§ Information
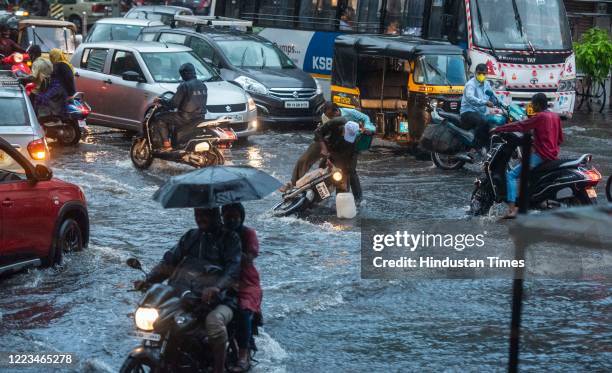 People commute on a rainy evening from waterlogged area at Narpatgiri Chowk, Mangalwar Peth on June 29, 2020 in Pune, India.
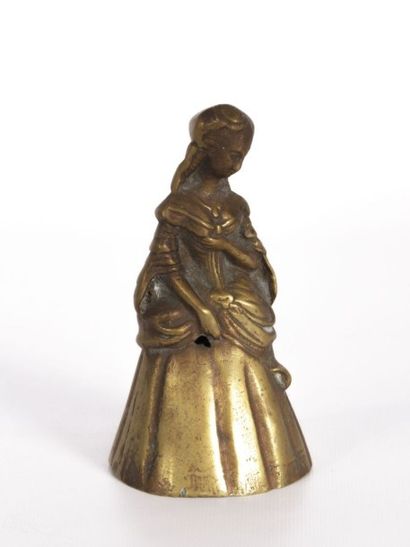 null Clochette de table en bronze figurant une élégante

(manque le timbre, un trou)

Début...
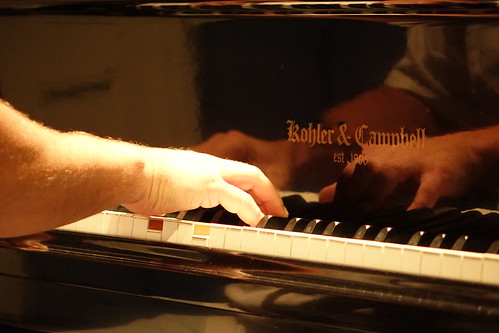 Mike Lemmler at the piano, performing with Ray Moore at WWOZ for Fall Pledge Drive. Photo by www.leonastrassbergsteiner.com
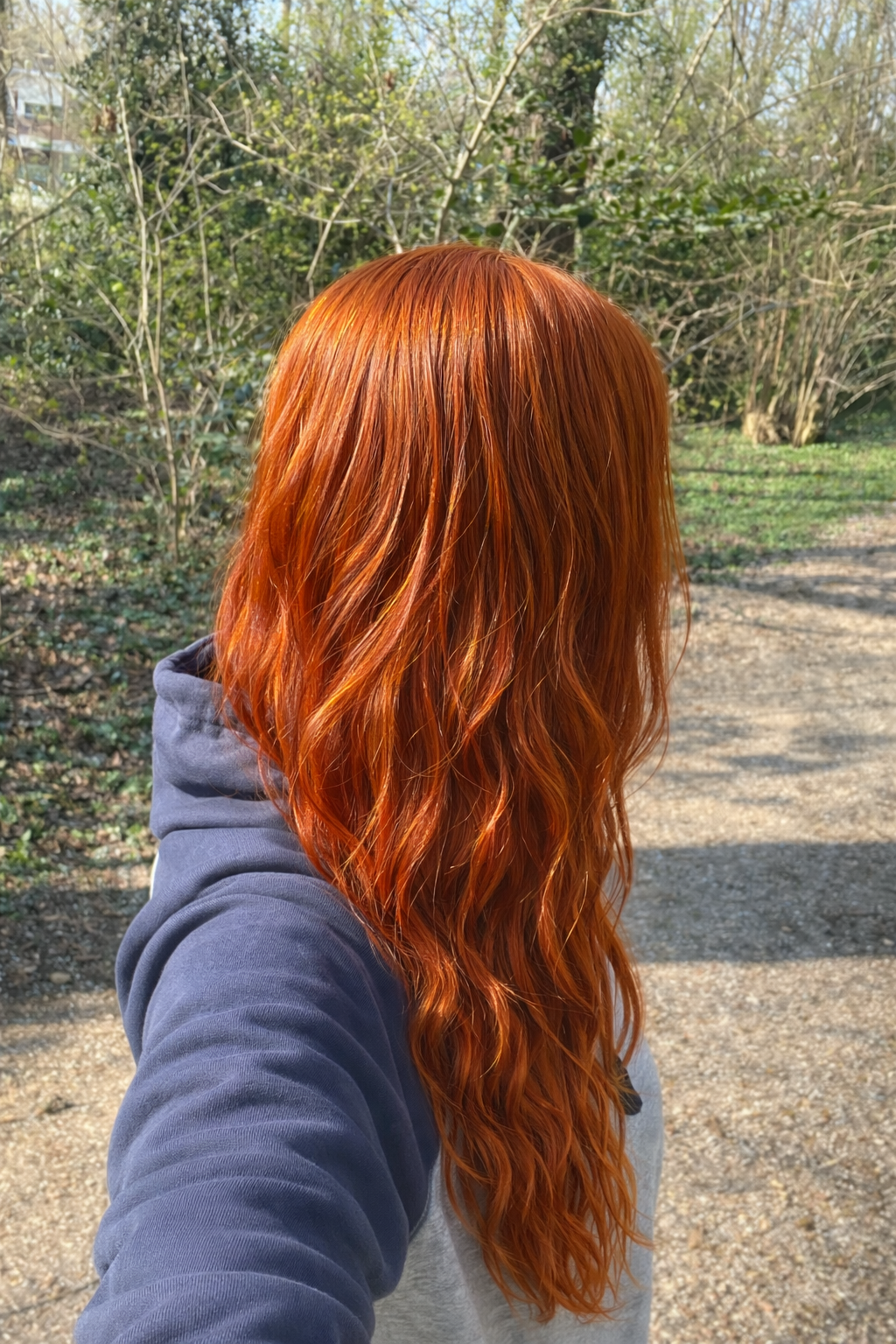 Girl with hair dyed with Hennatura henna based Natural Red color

§ What you will do
From the line containing "Mike Lemmler at" to the last line of the listing above, transcribe each line exactly, skipping the pictures.

§ Response to the exercise
 Mike Lemmler at the piano, performing with Ray Moore at WWOZ for Fall Pledge Drive. Photo by www.leonastrassbergsteiner.com
 Girl with hair dyed with Hennatura henna based Natural Red color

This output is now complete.